* TASK INSTRUCTIONS:
Set down exactly the lines that run from the one containing "black kangaroo with silver fern tattoo idea" to the end of the material below, both included, without pictures.

**** INFORMATION PROVIDED

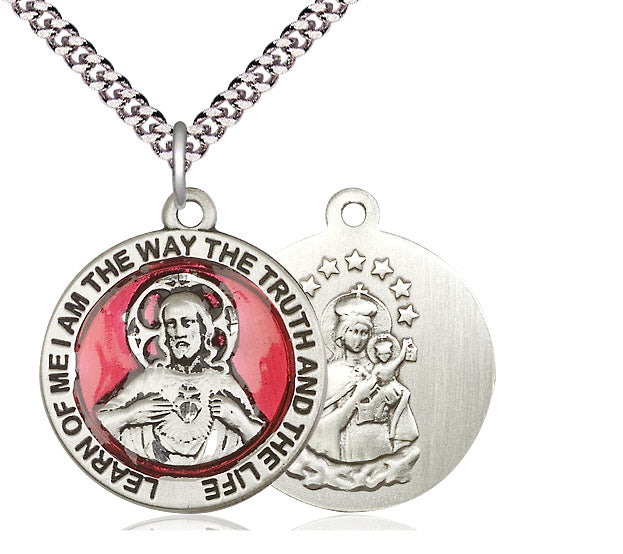 Sterling Silver Scapular Pendant on a 24 inch Light Rhodium Heavy Curb Chain - Unique Catholic Gifts
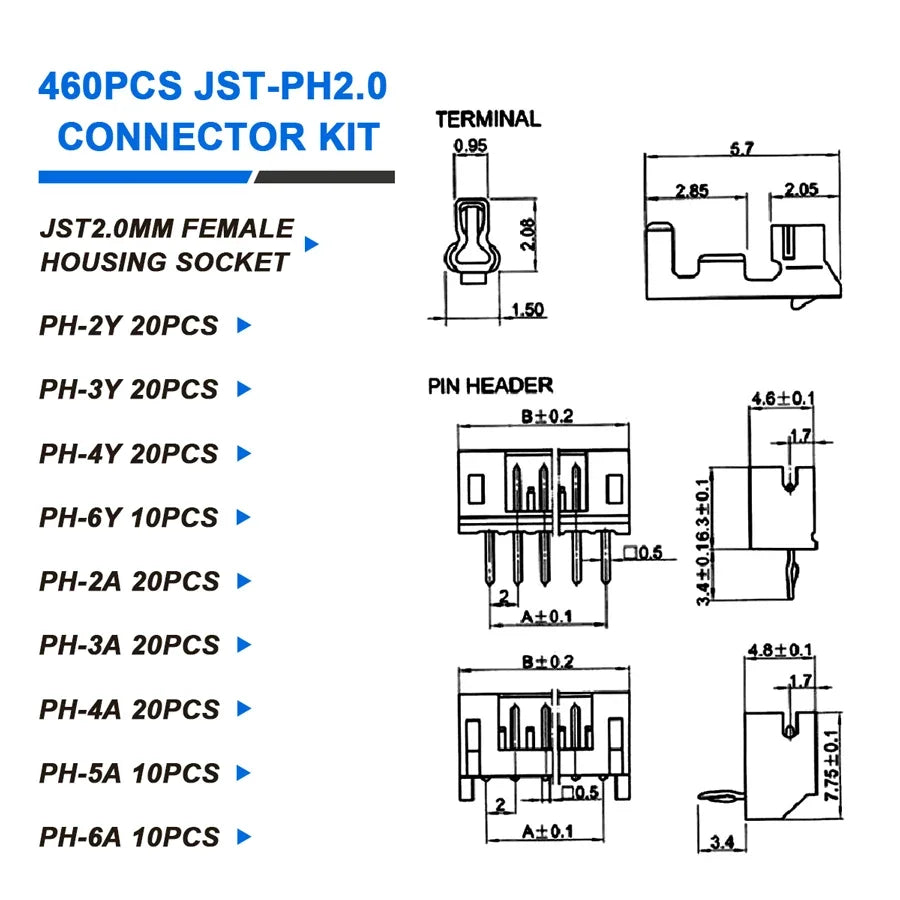 JST XH2.54 PH2.0 Male Female Connector Kit 2/3/4/5/6 Pin Plug with Terminal Wires Cables Socket Header Wire Connectors Kit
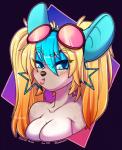 anthro blush breasts ear_piercing eyewear featureless_breasts female glasses looking_at_viewer piercing solo ryunwoofie mammal mouse murid murine rodent hi_res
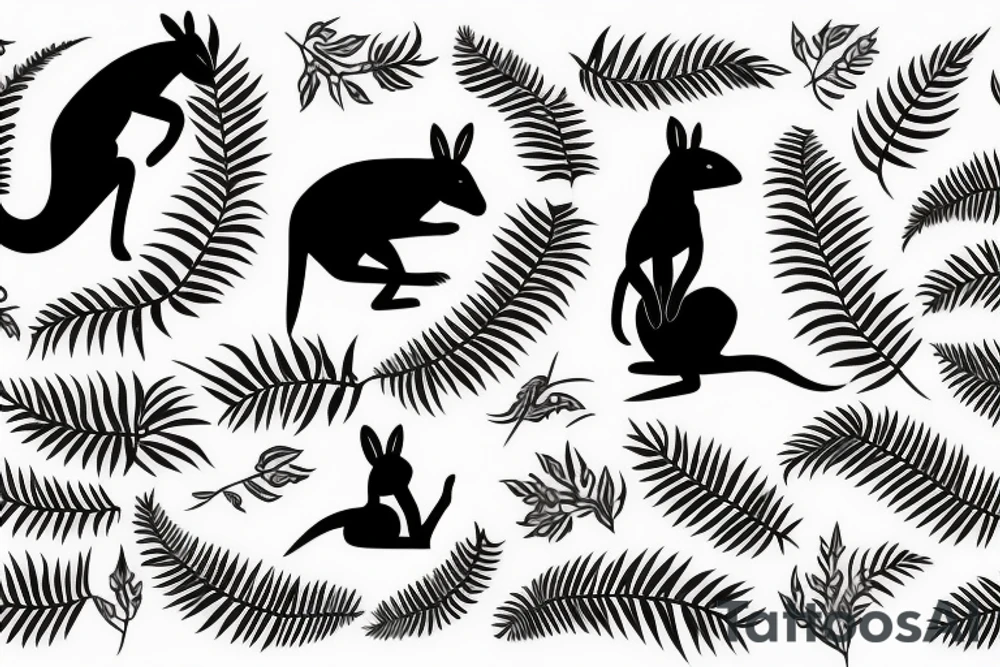 black kangaroo with silver fern tattoo idea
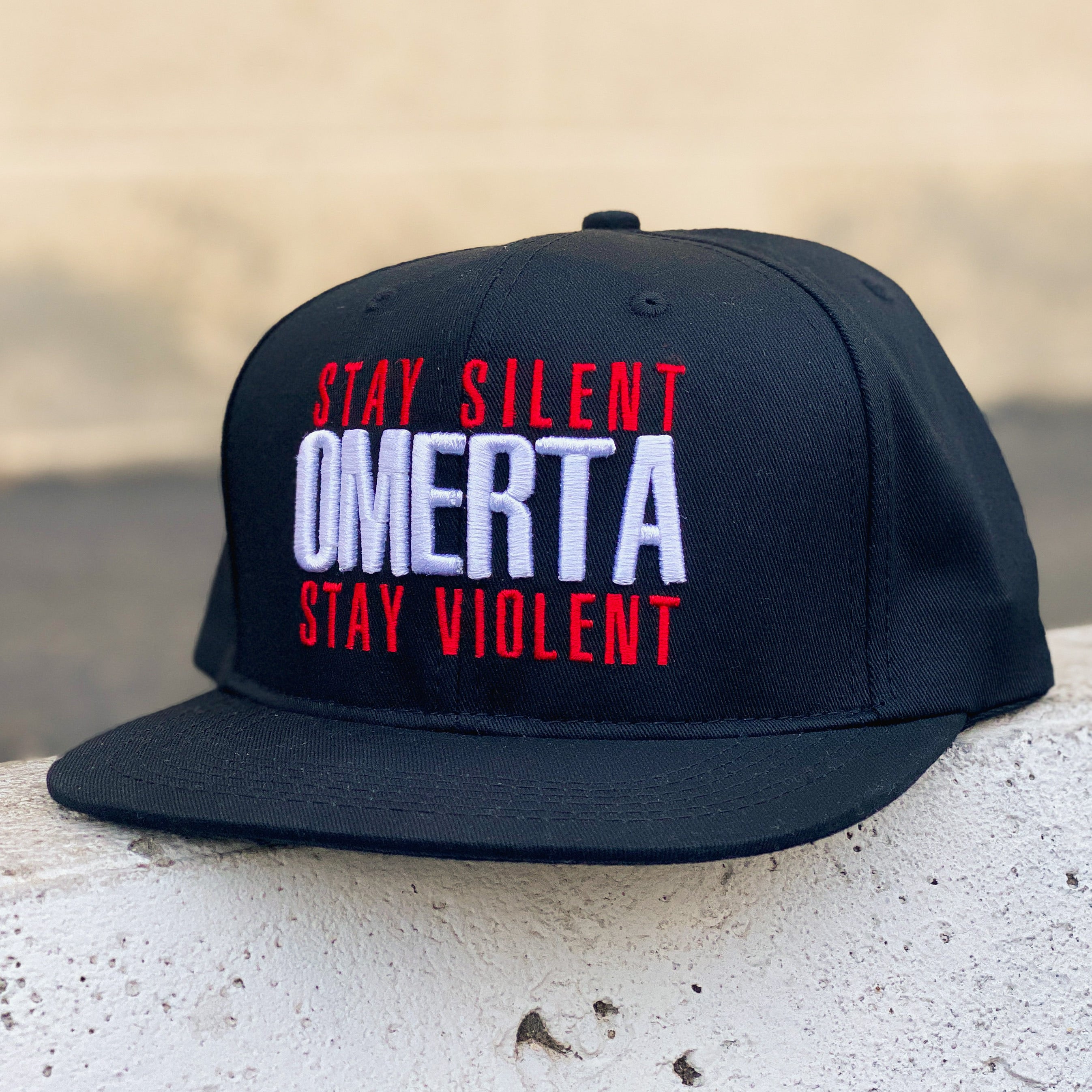 Stay Silent Stay Violent Black Snapback Hat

********

* TASK RESPONSE:
 black kangaroo with silver fern tattoo idea
 Stay Silent Stay Violent Black Snapback Hat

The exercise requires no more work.